Kellie, Eric B, you’ve been around the SPS a block a time or two. Care to weigh in on the unintended consequences of pushing apart the bean counters of space and the bean counters of bodies?
Silorific!
At the moment there is just so many layers between the Superintendent and the schools. Principals report to Exec Directors, who report to the Chief of Schools, who reports to Michael Tolley, who reports to the Super. That is just too much. When the Exec Director positions were created, they reported directly to the Super, and it was an attempt to ensure the Super was connected to the day to day life of schools.
There is not enough information to know if this change is an improvement or just more of the same.
This looks like a demotion for Tolley to me.
I don't know if this is exactly the right move for Enrollment Planning, but I don't know that it really belonged with facilities, transportation, capital projects, etc.
-GLP
It looks like Flip's department is dissolving into other departments. I can't tell for sure, but it looks like we have one or two fewer $150K+ salaries.
There's going to be an awfully large spotlight on the Chief Academic Officer. C&I plus Enrollment means that there's going to be a lot of people calling for that person's head. I would call it nominally a promotion for Tolley (assuming he's CAO), but maybe not one he wants. If anyone is getting a demotion, I'd say it was Steve Nielsen. The Deputy Superintendent role is relatively small for the size of the title, overseeing only the operations, finance, and IT. That might be something he wants, or he may be moving elsewhere in the organization.

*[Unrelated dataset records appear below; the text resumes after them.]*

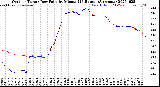 Milwaukee Weather Outdoor Temp / Dew Point<br>by Minute<br>(24 Hours) (Alternate)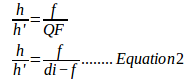 Equation of concave mirror 3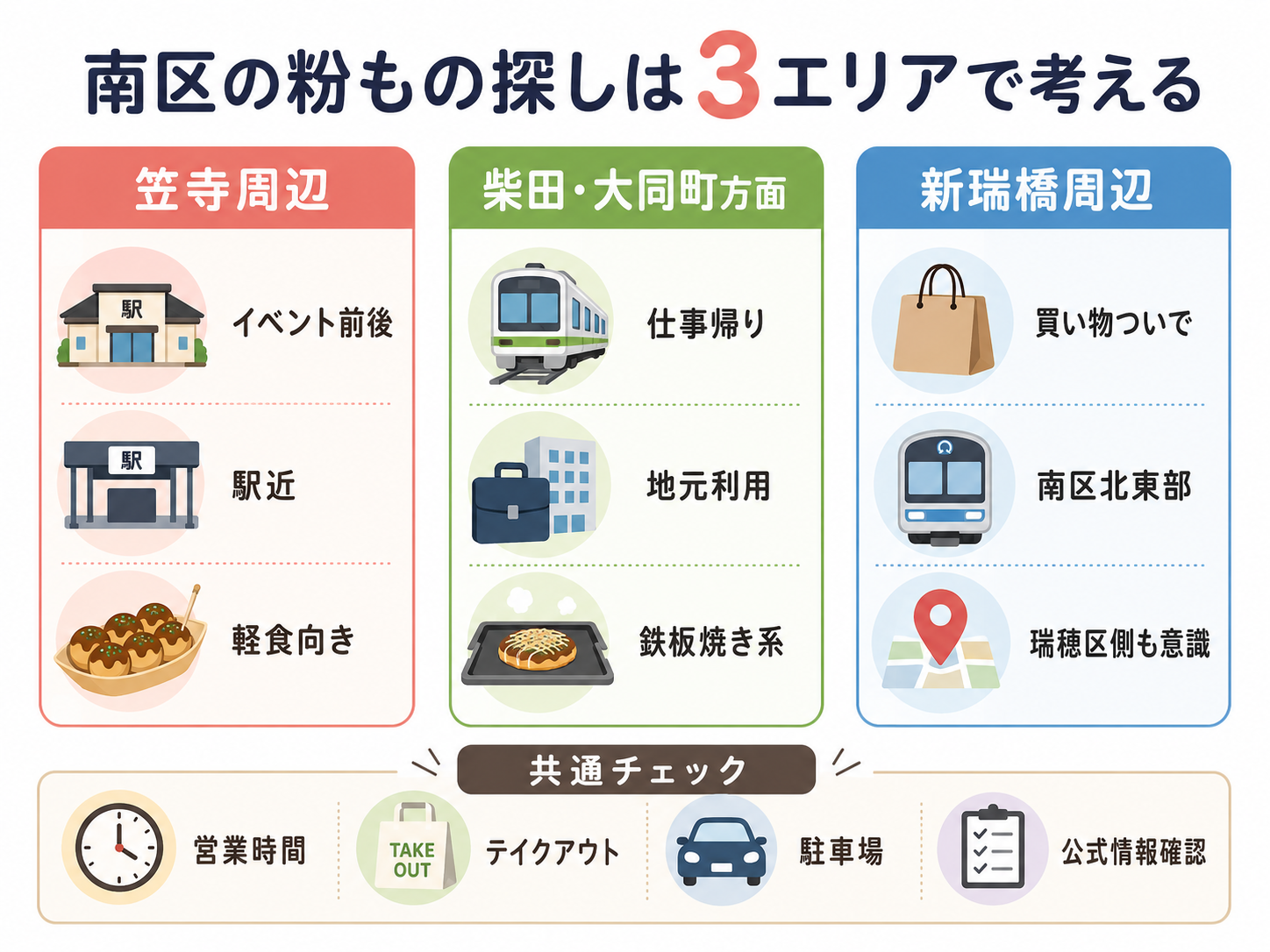 名古屋市南区で粉ものを探すときの笠寺・柴田・新瑞橋の使い分けを整理したインフォグラフィック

Having Enrollment under academics can't be worse than having it under budget. The CAO is going to have a lot of power in this org chart and that may actually benefit enrollment's status depending on how the CAO approaches it.
Richard
unclear
-GLP
unclear
https://www.seattleschools.org/UserFiles/Servers/Server_543/File/District/sps_org_chart.pdf
-GLP
Reader
I'd say CAO should take on Student Support, but that makes the department so big it may be just as bad as it is now because the person at the top would be spread so thin.